İçeriğe geçmek için "Enter"a basın

ASRIN SEFALETİ

Tahmini Okuma Süresi: 3 dakika

Bu hafta geçtiğimiz sene yaşadığımız büyük deprem felaketinin anmaları ile geçti. Depremin etkilediği 11 şehrin dışından birçok insanın samimiyetle acıları paylaştığına, hissedebildiği kadar buradaki acıları hissettiğine şahit oldum. Hepsi bu ülke için duyduğum umut kırıntılarını diri tutan insanlar. Her daim var olmalarını, benzer acıları asla yaşamamalarını temenni ediyorum. Biz deprem anında ve sonrasında yaşadıklarımızı anlatacak kelimeler bulmakta zorlanırken kelimelere ihtiyaç duymadan bizleri anlayan insanların varlığı bu süreçteki en büyük şansımız. Fakat ne yazık ki geri kalan şeylerde o kadar şanslı olamadık. Bu hafta iktidar ve muhalefetin “nasıl daha fazla anlayışsız” nasıl daha fazla “rezil” oluruz yarışını öfke ile izledim.

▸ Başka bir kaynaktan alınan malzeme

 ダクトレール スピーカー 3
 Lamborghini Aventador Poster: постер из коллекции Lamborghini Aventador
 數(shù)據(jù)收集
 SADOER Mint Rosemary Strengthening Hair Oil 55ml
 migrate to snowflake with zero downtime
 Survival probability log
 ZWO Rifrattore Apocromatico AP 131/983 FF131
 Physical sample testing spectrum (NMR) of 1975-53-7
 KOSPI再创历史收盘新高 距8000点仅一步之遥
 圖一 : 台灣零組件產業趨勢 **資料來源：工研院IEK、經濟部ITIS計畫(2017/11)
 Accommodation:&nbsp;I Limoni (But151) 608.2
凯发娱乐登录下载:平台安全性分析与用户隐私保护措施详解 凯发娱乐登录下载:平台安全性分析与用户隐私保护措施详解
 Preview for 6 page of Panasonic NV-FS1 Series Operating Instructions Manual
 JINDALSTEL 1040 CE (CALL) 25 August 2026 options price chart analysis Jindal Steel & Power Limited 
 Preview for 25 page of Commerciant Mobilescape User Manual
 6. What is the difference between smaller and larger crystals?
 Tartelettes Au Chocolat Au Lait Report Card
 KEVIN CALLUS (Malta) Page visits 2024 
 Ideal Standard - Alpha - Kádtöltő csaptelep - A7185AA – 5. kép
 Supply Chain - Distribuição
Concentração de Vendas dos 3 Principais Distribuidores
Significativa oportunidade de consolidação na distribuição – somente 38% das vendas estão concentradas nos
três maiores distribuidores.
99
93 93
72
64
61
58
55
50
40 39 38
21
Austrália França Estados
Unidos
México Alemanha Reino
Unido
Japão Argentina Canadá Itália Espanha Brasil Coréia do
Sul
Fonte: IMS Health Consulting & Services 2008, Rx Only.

Ak Parti Genel Başkanı Recep Tayyip Erdoğan’ın  “Merkezi yönetimle yerel yönetim el ele vermezse, dayanışma halinde olmazsa o şehre herhangi bir şey gelmez. Hatay’a geldi mi? Şu anda Hatay garip kaldı, mahzun kaldı” sözlerini öfke ile dinledim. Memleketim Hatay’ın neden garip kaldığını öfkeyle dinledim…

Bakan Mehmet Özhaseki’nin “Şimdiye kadar gidip köy evlerini teslim ettiğim ve misafir olduğum ev sahipleri şunu söylüyor; Allah razı olsun. Bak evimiz yıkıldı (eğer ölüler de yoksa) yıkıldığı iyi olmuş, bize mis gibi villa verdiniz diyor” sözlerini öfke ile dinledim. Ne yaşadığım kent olan Adana’da ne de doğduğum kent olan Antakya’da dostlarımın, akrabalarımın “evimizin yıkıldığı iyi olmuş” dediğine şahit olmadım.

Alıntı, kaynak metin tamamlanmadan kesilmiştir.